List Framework


What is the List Framework?

The List Framework in PIPEFORCE renders a given JSON Array as HTML table list in the web portal. This table can then ordered, searched, and filtered.

The JSON Array is referred to as the list input model. It is returned by a pipeline that consolidates data from various locations and provides this data as a JSON Array. The portal finally renders this array to a HTML table:

This is how such a table will look like in the portal:

In order to implement a list in PIPEFORCE, you have to create two JSON documents:

  • List Schema
    Defines the structure of row items and columns of the table. For example the header, the data type and the conversion rules if required. This document is typically located at $APP_HOME/schema/<type>.

  • List Config
    Defines from which source to load the JSON Array for the list from. This document is typically located at $APP_HOME/list/<type>.

After these two JSON documents have been created, the list is shown in the app view as list tile.

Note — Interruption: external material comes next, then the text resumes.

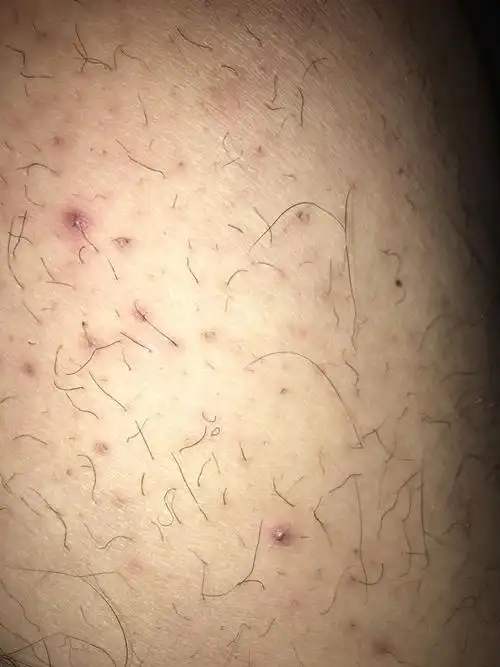 大腿上每过几个月,大腿上就会长个疙瘩又刺疼,又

When clicking this tile, the list will be loaded.

Quick Start

In case you are in a hurry or you want to create your first list without going into details, follow these steps in this quick start:

Step 1: Create a List Schema

The first step is to create the List Schema. This is a JSON file which specifies the columns of the list in the JSON Schema format.

Login as a developer and go to LOW CODE -> Properties.

Select an existing app or create a new one first using the App wizard.
For example with app name io.pipeforce.myapp.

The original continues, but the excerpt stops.